**DATA LISTING**
========================

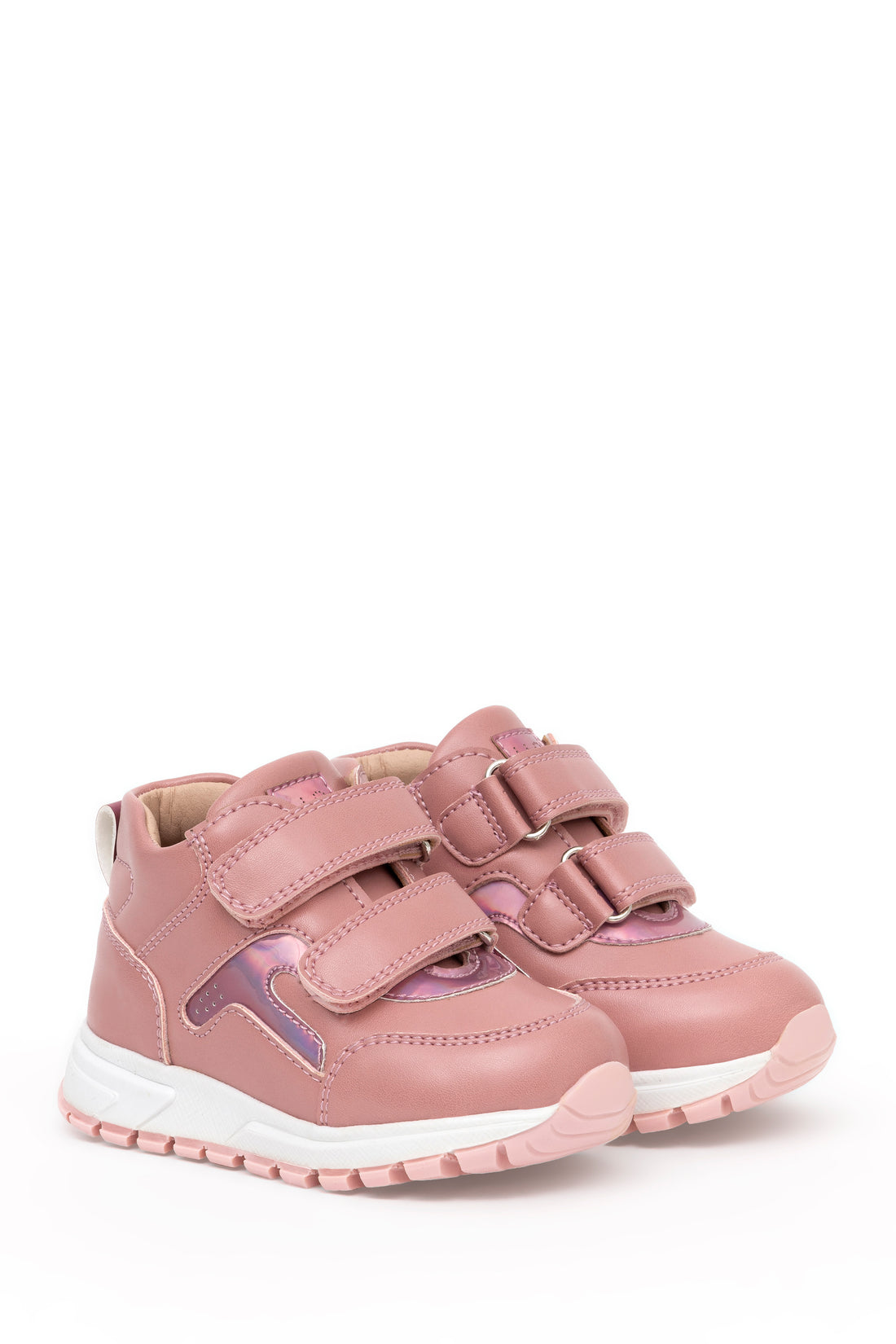 Baby Girl Powder Sneakers
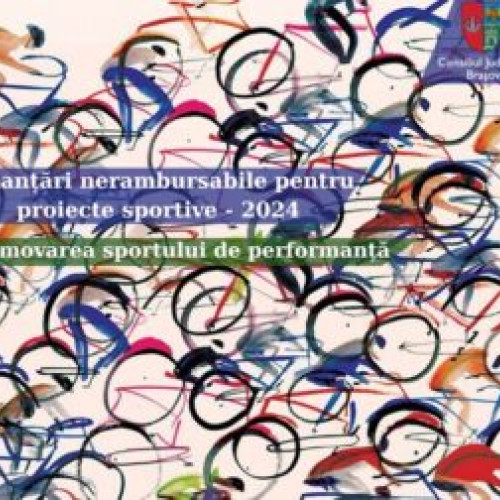 Consiliul Județean Brașov a anunțat lista finală a proiectelor sportive câștigătoare, care vor primi finanțări nerambursabile. 18 evenimente sportive au obținut fonduri din bugetul județului Brașov, în cadrul Programului de Promovare a Sportului de Performanță. Valorile finale pentru finanțări se ridică la 731.945,12 lei pentru sporturi olimpice și 189.973 lei pentru sporturi neolimpice. Lista proiectelor a fost ordonată în funcție de prioritatea și scorul obținut.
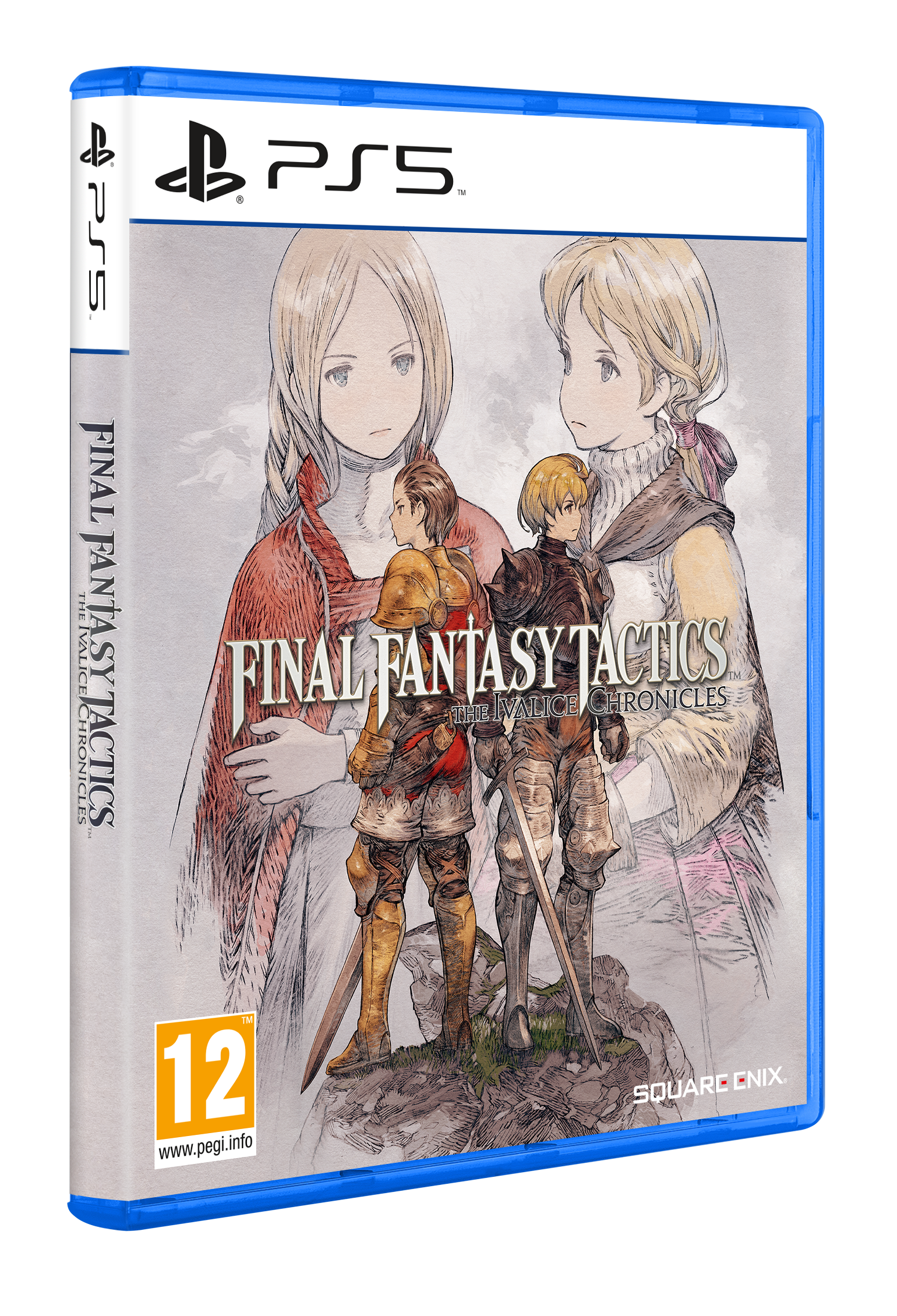 PS5 FINAL FANTASY TACTICS: IVALICE CHRONICLES
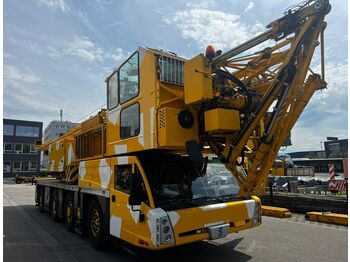 Spierings SK498 AT4, SWISS  - Τηλεσκοπικός γερανός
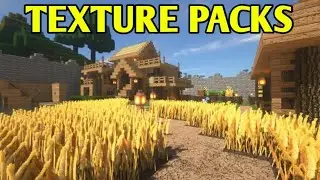 HOW TO GET ON TEXTURE PACKS ON MINECRAFT PS5/XBOX/PS4
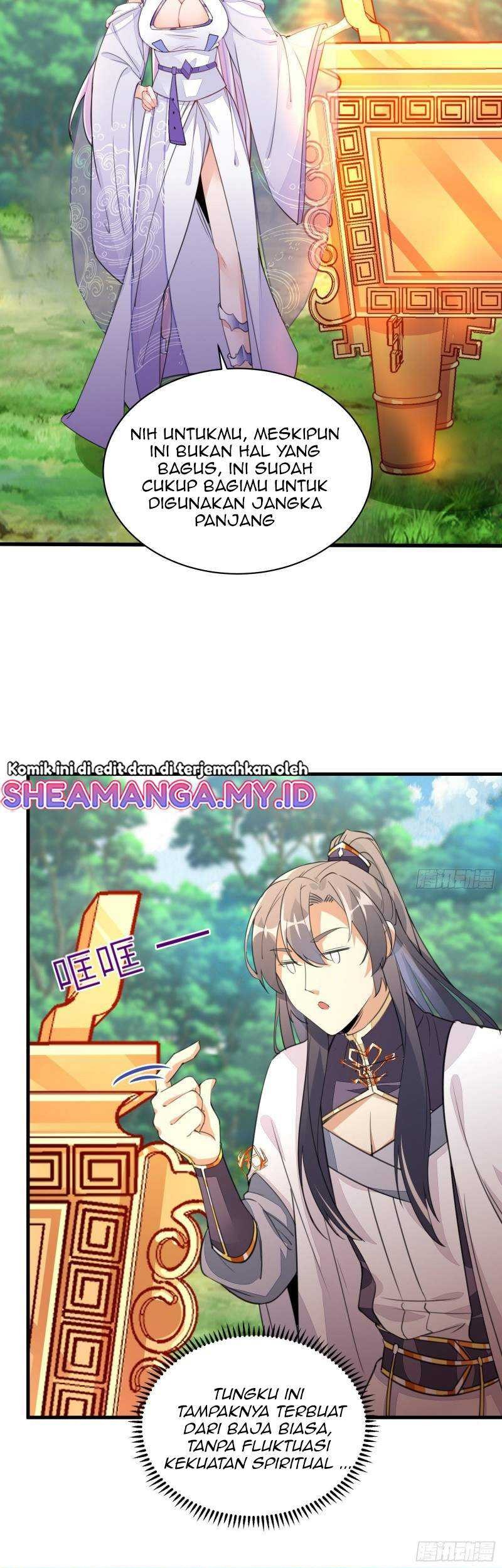 Cultivating Immortals With Rich Women Chapter 21 - halaman 22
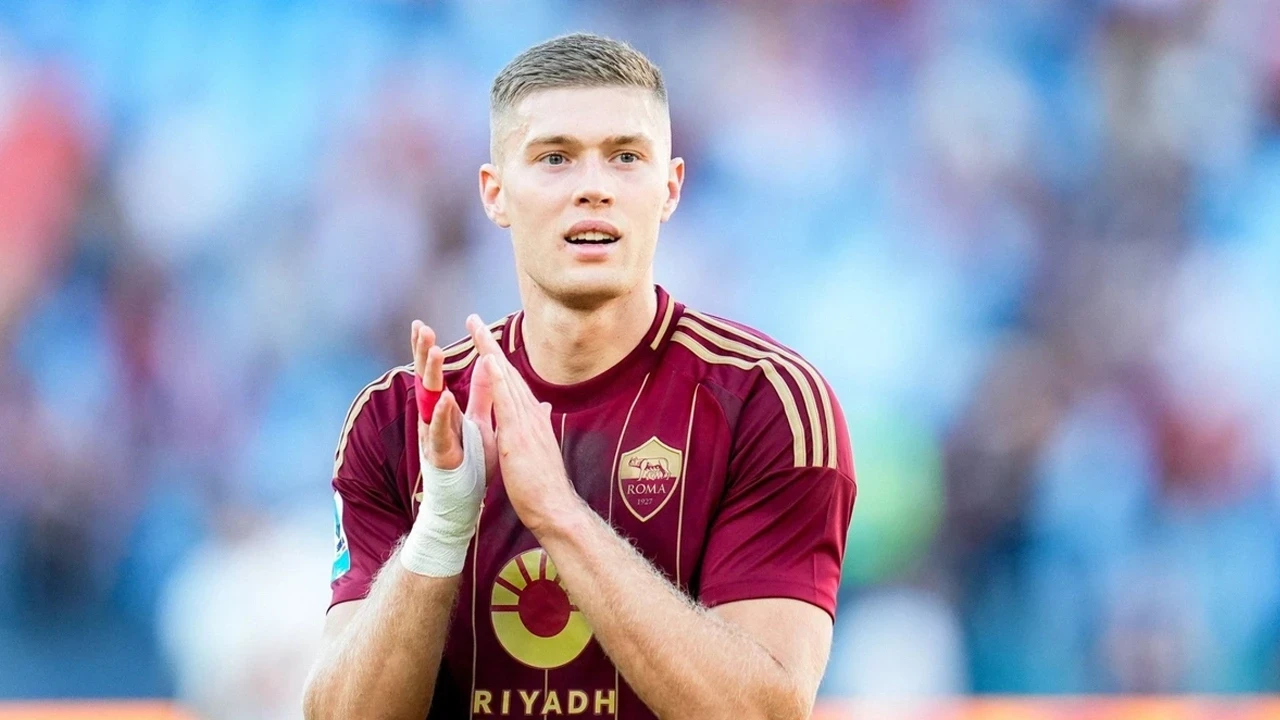 Bologna, Artem Dovbyk transferinde mutlu sona ulaştı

========================

**WORK TO COMPLETE**
Please print exactly the lines from the one holding "Cultivating Immortals With" through the final line of the data above, including both, and skip all pictures.

**SOLVED EXERCISE**
 Cultivating Immortals With Rich Women Chapter 21 - halaman 22
 Bologna, Artem Dovbyk transferinde mutlu sona ulaştı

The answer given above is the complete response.